* _Exercise brief_
With pictures left out, only the lines from the one containing "MATRIX очки MT8493 A764-90-R90" through the end of the records should be reproduced exactly, please.

-*-

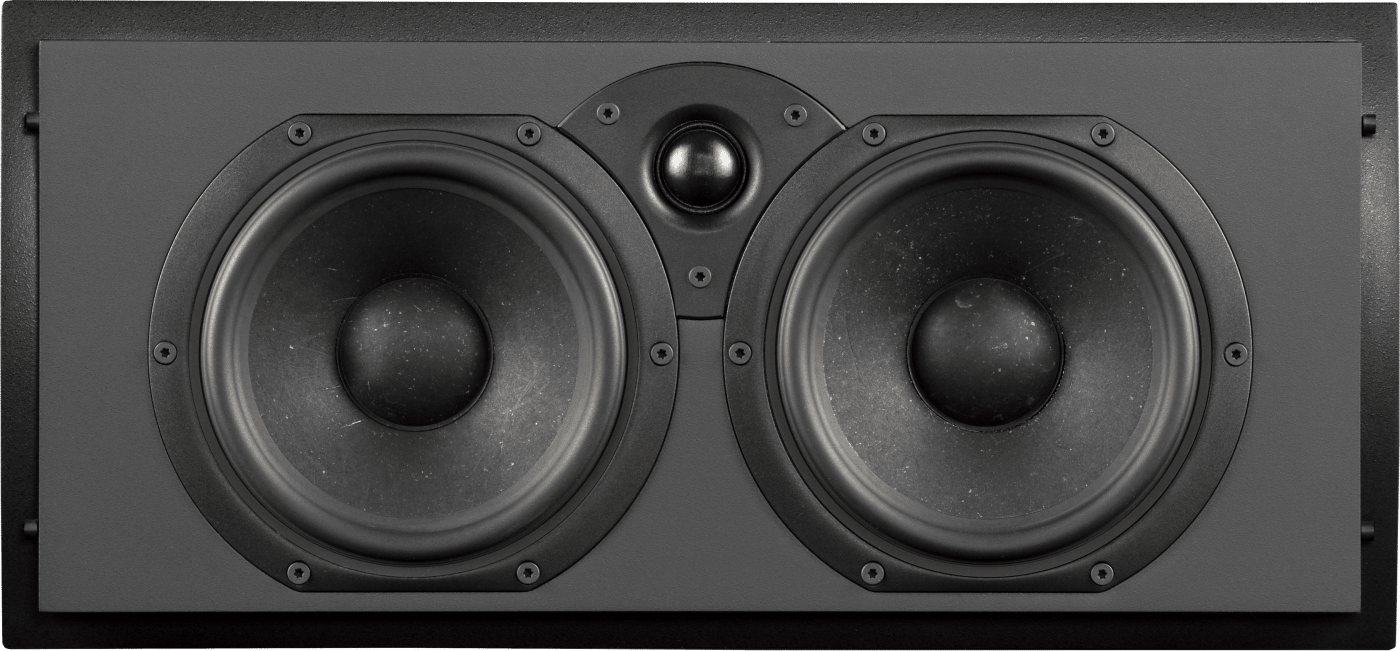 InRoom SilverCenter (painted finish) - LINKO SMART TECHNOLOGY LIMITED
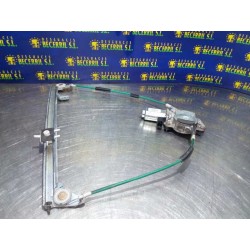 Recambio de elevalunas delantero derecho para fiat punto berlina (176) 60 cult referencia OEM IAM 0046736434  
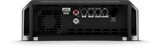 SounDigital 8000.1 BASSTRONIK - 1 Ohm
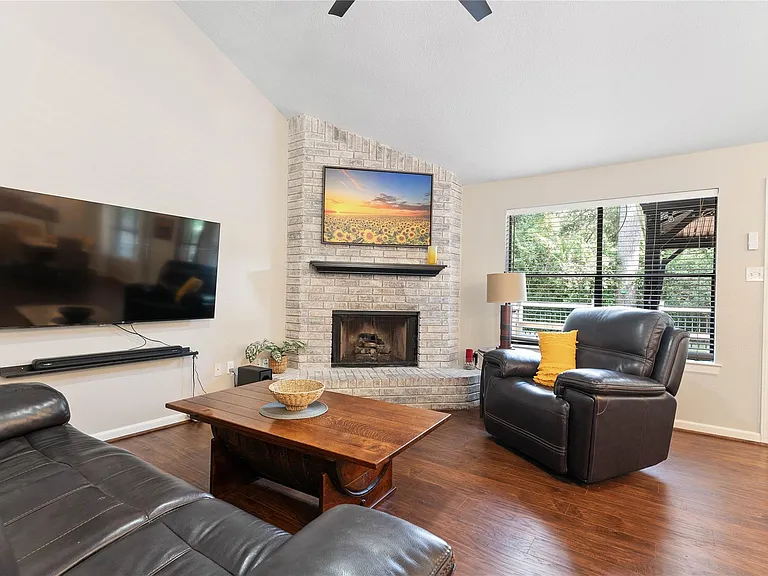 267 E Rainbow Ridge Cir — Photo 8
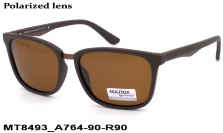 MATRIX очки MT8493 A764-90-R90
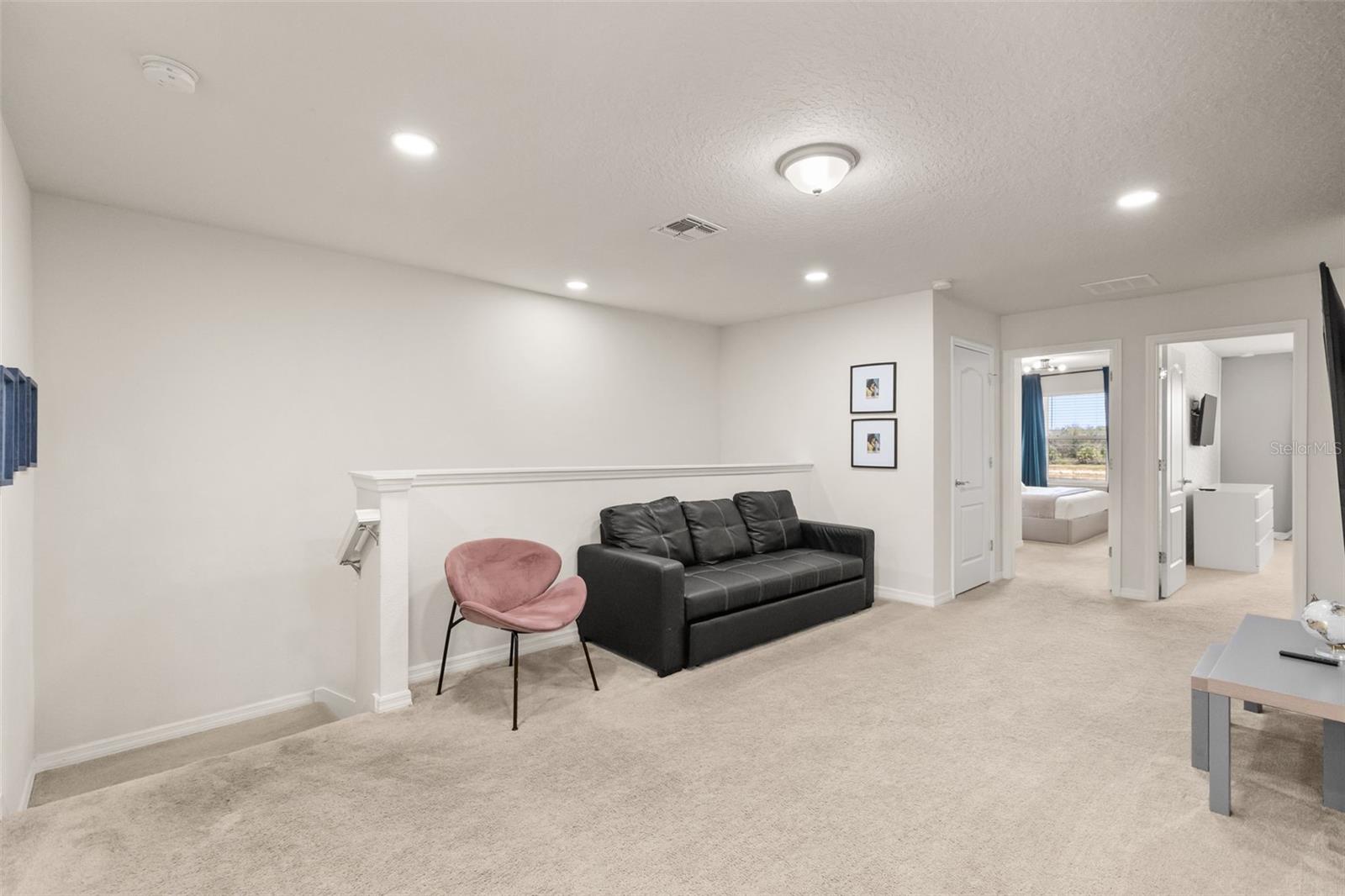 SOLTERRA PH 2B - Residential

-*-

* _Written response_
 MATRIX очки MT8493 A764-90-R90
 SOLTERRA PH 2B - Residential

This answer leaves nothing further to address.